Records contained in a dataset:
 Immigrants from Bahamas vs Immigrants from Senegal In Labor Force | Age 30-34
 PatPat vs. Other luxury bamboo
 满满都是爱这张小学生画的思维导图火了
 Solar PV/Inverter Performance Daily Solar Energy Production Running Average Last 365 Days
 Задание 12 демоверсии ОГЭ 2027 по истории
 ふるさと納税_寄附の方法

==

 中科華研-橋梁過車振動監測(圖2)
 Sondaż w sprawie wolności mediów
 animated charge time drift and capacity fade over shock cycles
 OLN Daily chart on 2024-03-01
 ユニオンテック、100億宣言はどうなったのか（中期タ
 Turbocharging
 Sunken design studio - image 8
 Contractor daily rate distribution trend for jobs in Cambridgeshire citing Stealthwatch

---

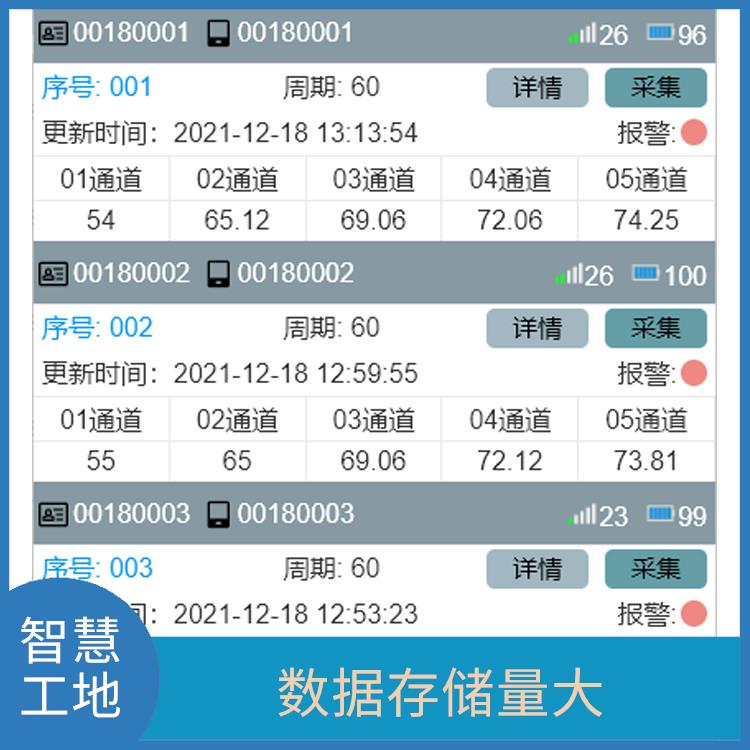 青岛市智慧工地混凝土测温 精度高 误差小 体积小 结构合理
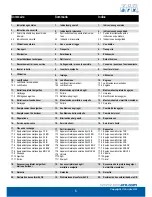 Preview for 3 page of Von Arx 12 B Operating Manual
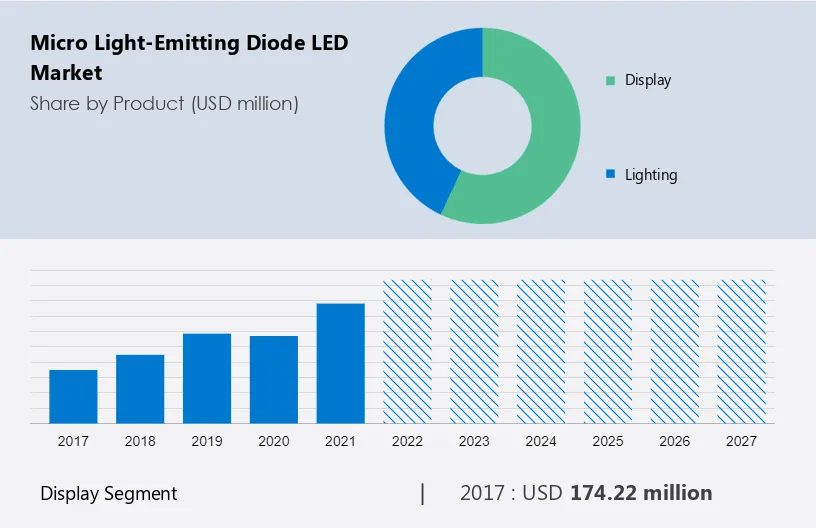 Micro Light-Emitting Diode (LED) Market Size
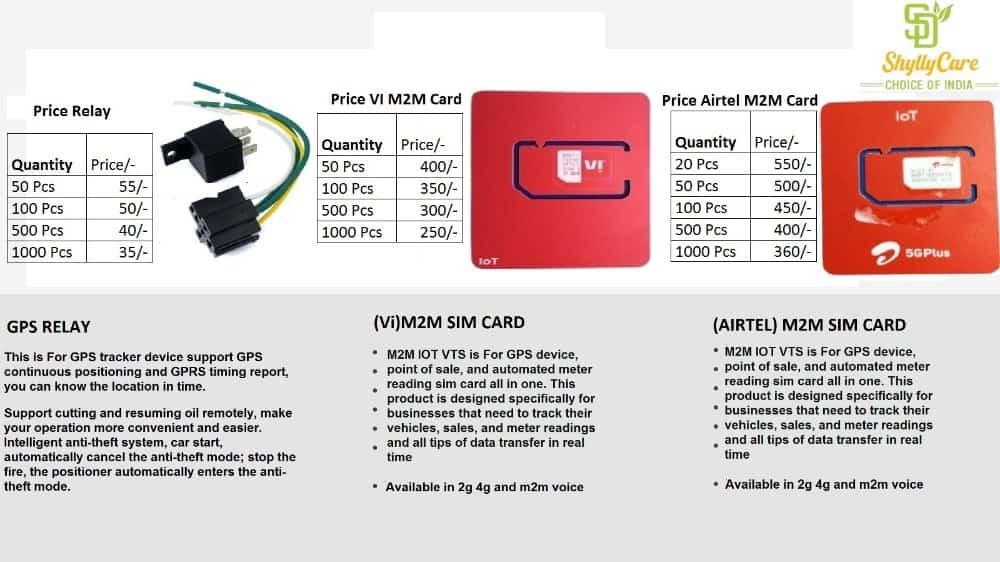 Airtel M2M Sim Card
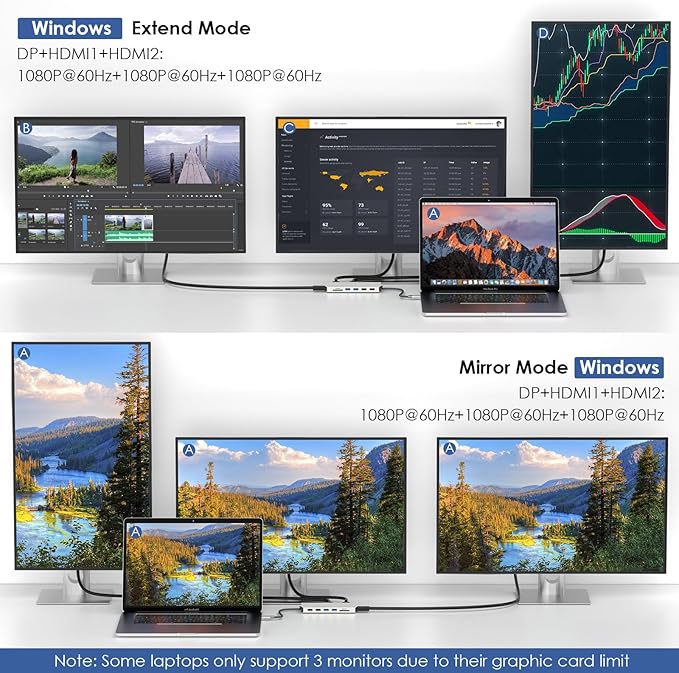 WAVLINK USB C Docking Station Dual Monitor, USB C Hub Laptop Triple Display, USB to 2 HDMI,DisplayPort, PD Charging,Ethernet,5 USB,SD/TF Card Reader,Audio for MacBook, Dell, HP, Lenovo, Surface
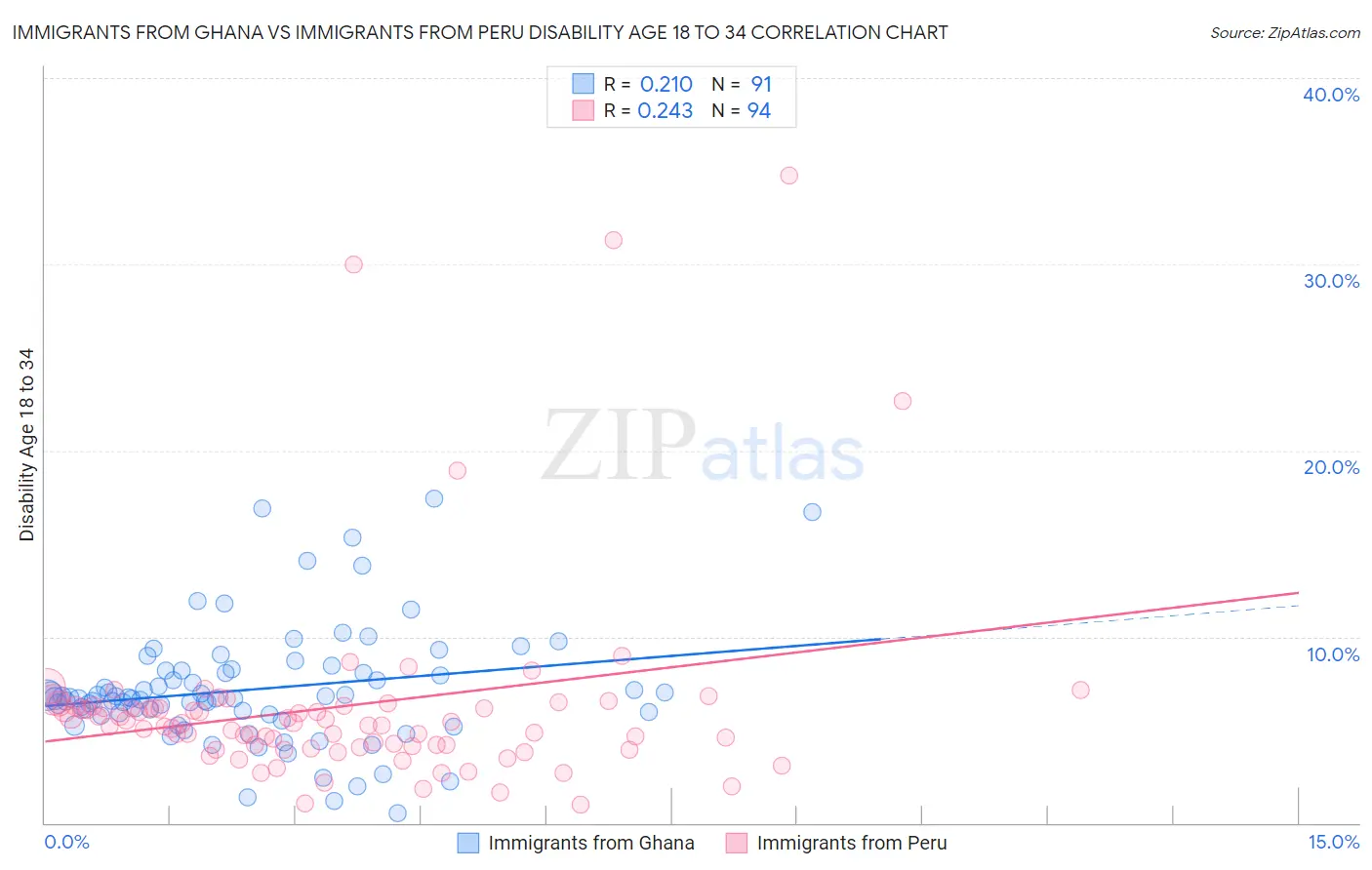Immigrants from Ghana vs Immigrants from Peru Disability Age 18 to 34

▶ **EXERCISE**:
With the pictures omitted, copy the entries above exactly from the line containing "Airtel M2M Sim Card" through the line containing "Immigrants from Ghana", both lines included.

▶ **EXERCISE RESPONSE**:
 Airtel M2M Sim Card
 WAVLINK USB C Docking Station Dual Monitor, USB C Hub Laptop Triple Display, USB to 2 HDMI,DisplayPort, PD Charging,Ethernet,5 USB,SD/TF Card Reader,Audio for MacBook, Dell, HP, Lenovo, Surface
Immigrants from Ghana vs Immigrants from Peru Disability Age 18 to 34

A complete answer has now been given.